The basic assumptions that a speaker or writer holds are often enfolded in an offhanded remark, asides of such conventional wisdom that their truth seems indisputable. These are precisely the suppositions that need to be questioned most.
Take this recent statement by a writer for the august New York Times for example: “The traditions we champion matter more than ever.” The writer is referring to Trumpian nationalism and xenophobia, and a progressive program of counteracting it by instituting inclusive traditions and rituals.
Aussies have taken to saying things like, “Welcome to country.” They don’t mean Down Under. It’s an implicit reference and intended corrective to the displacement and marginalization of indigenous peoples there.
On the authentic side, speakers explicitly state how the land was stolen, and give support to the fight for restitution. On the perfunctory side, they give lip service to “the traditional custodians of the land” in the same tone a flight attendant uses to tell passengers where the emergency exits are.
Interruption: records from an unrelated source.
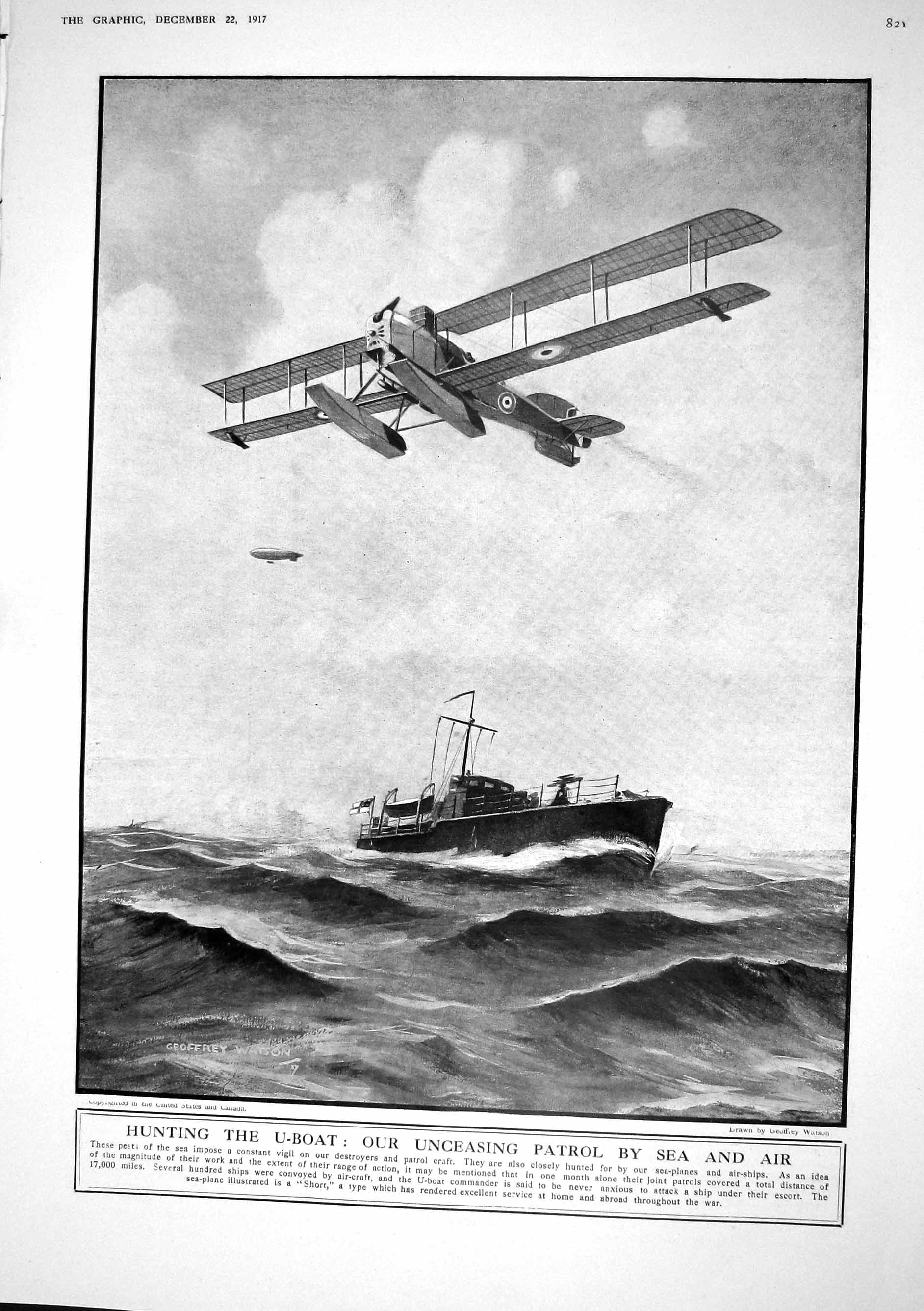 Old 1917 War Hunting U-Boat Aeroplane Sailing Ship Turret-Steamer Jon 20th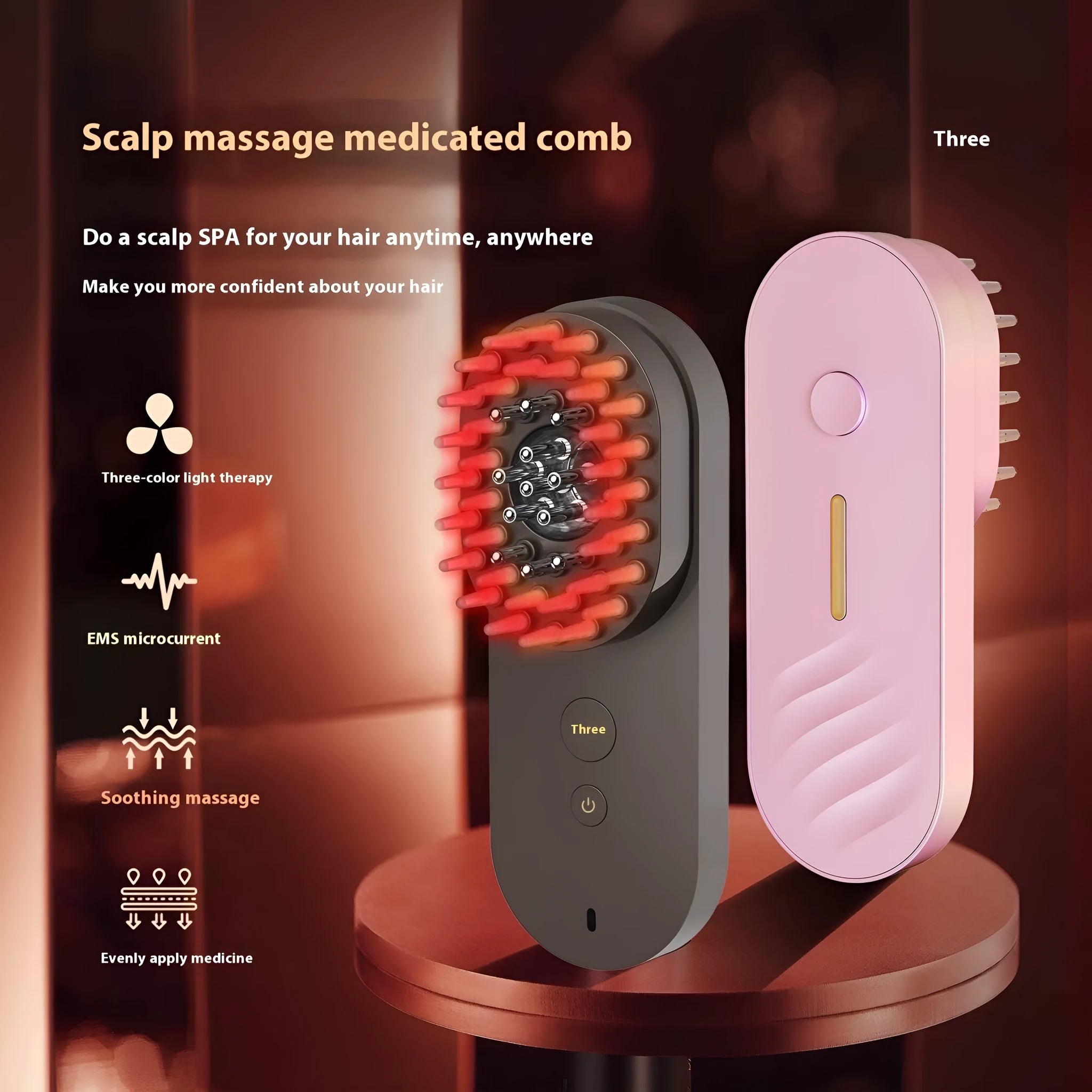 Pink and black smart massage comb with red light therapy for head care, shown actual size under 10cm.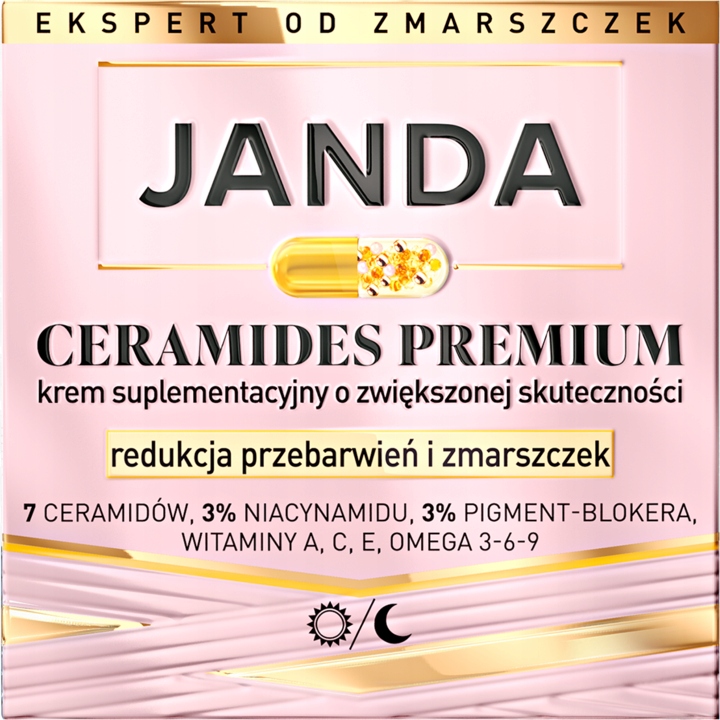 JANDA CERAMIDES PREMIUM KREM DO TWARZY REDUKCJA PRZEBARWIEŃ ZMARSZCZEK 50ML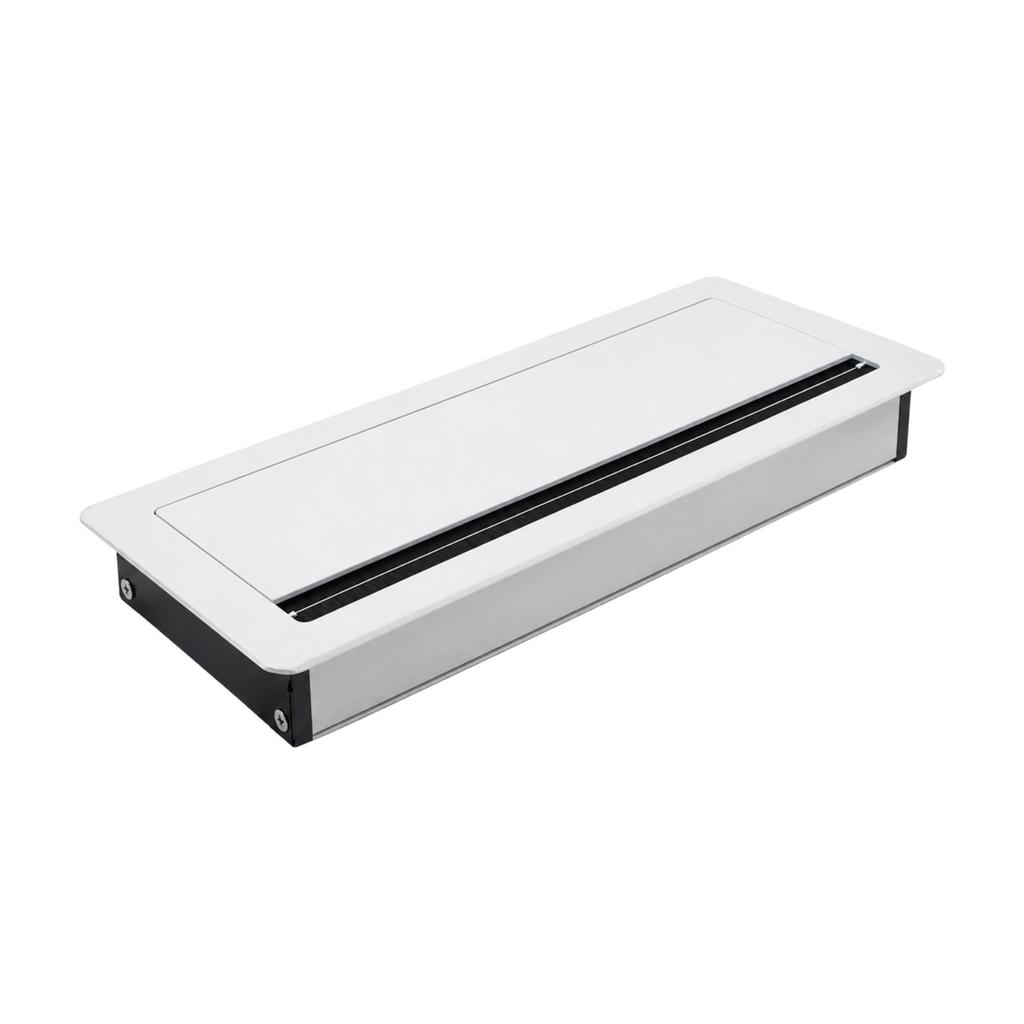 Rectangular Aluminum Desk Cable Grommet Damped with Hinged FlipLid Fit for Office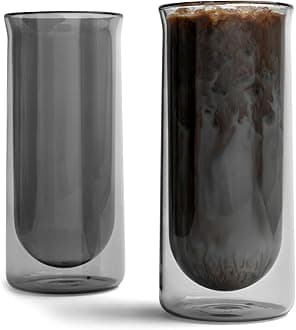 FLUR Iced Coffee Glasses (Set of 2) Perfect for Iced Coffee, Cold Brew & Lattes – Double-Walled Borosilicate Glass – For Hot & Cold Drinks – Lightweight & Easy to Clean – 15.5oz (Smoke)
In America, the conventional idea is that to counter white supremacists, rapacious capitalists, and perpetuators of hate speech who were emboldened by the election of the dog-whistling Donald Trump, it’s necessary to champion broader traditions.
Somehow, this thinking goes, we have to come up with traditions and rituals that acknowledge the suppurating sins of colonialism and slavery. Somehow we need to “devise a new ritual for commencing our public events [like football games], one that recognizes the marginalized among us, simultaneously celebrating their traditions and keeping alive a more accurate story of our origin.”
While I sympathize with the sentiment, I question whether it is anything more than that. It assumes that traditions and rituals are central to our existence as human beings, that they define us as people, and that the past can be encompassed and put right through them.
That isn’t a valid and viable approach, but a superficial reaction that fails to understand the nature of tradition, and fails to see the unprecedented challenge the present world poses to culture as humans have known it for thousands of years.
Rather than vainly try to create inclusive traditions and rituals that acknowledge the wrongs of the past, don’t we need to emotionally grasp the fact that tradition itself has become essentially a dead weight, drowning humanity?
Just what is tradition? Isn’t it the distillation and largely implicit acceptance of the beliefs, norms and values of a people, laid down over time? Aren’t traditions cohesive patterns of thinking and behavior specific to a given people, incomprehensible to those who aren’t members of a
given culture, or even by subjugated groups of people within a given culture?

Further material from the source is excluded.